Five Pillars Deep-Dive
Pillar 1: ICT Risk Management (Chapter II, Articles 5–16)
The cornerstone of DORA. Financial entities must establish a comprehensive ICT risk management framework.
Governance and Organization (Article 5)
The management body bears ultimate responsibility for ICT risk management:
- Define, approve, oversee, and be responsible for the implementation of the ICT risk management framework
- Define appropriate risk tolerance level for ICT risk
- Approve the digital operational resilience strategy
- Allocate adequate budget for ICT risk management
- Approve and review the ICT business continuity policy and ICT response and recovery plans
- Be informed at least once a year on findings of ICT risk reviews
Organizational requirements:
- Designate an ICT risk management function (second line of defense)
- Ensure adequate separation of ICT risk management, control, and internal audit functions
- Establish clear roles and responsibilities for all ICT-related functions
- Implement reporting lines ensuring the management body receives timely information
ICT Risk Management Framework (Article 6)
Entities must establish, maintain, and implement a sound, comprehensive, and well-documented ICT risk management framework that:
- Ensures a high level of digital operational resilience
- Is documented and reviewed at least annually (or after major ICT incidents)
- Includes a digital operational resilience strategy
- Defines how the framework supports the entity's business strategy
- Sets clear information security objectives
- Defines ICT risk tolerance levels
- Commits to a continuous improvement process
Digital Operational Resilience Strategy must include:
- Methods for addressing ICT risk
- Explanation of how the ICT risk management framework supports the business strategy
- ICT risk tolerance level
- Key information security objectives
- Overview of ICT reference architecture and changes needed
- Mechanisms for detecting ICT anomalies
- ICT third-party risk strategy
- Digital operational resilience testing approach
- Communication strategy for incident disclosure
ICT Systems, Protocols, and Tools (Article 7)

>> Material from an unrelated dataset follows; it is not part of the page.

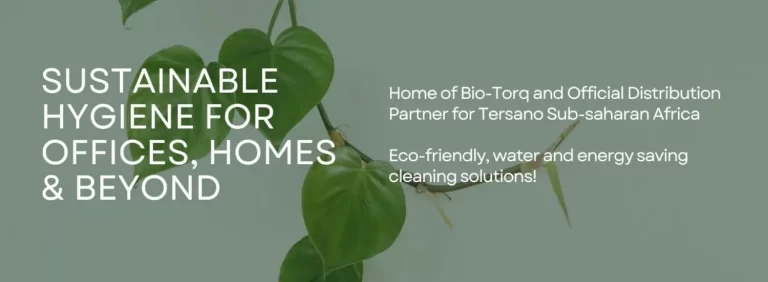 Sustainable Hygiene for Office and Home, Bio-Torq and Tersano, eco-friendly,water and energy saving, chemical free, South Africa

Requirements for ICT systems and infrastructure:
- Use and maintain updated ICT systems, protocols, and tools that are adequate to support critical operations
- Monitor effectiveness of ICT systems
- Identify all sources of ICT risk (including environmental risks and physical threats)
- Ensure appropriate network security management
- Implement mechanisms for detecting anomalous activities
Identification (Article 8)
- Identify, classify, and adequately document all ICT-supported business functions, information assets, and ICT assets
- Identify all sources of ICT risk, particularly cyber threats
- Map the interconnections and interdependencies with ICT third-party providers
- Perform ICT risk assessments at least annually (and after major changes)
- Identify assets and systems critical to business operations
Protection and Prevention (Article 9)
- Implement ICT security policies, procedures, protocols, and tools
- Continuously monitor and control the security and functioning of ICT systems
- Design network connection resilience mechanisms
- Deploy strong authentication mechanisms (MFA, Article 9(4))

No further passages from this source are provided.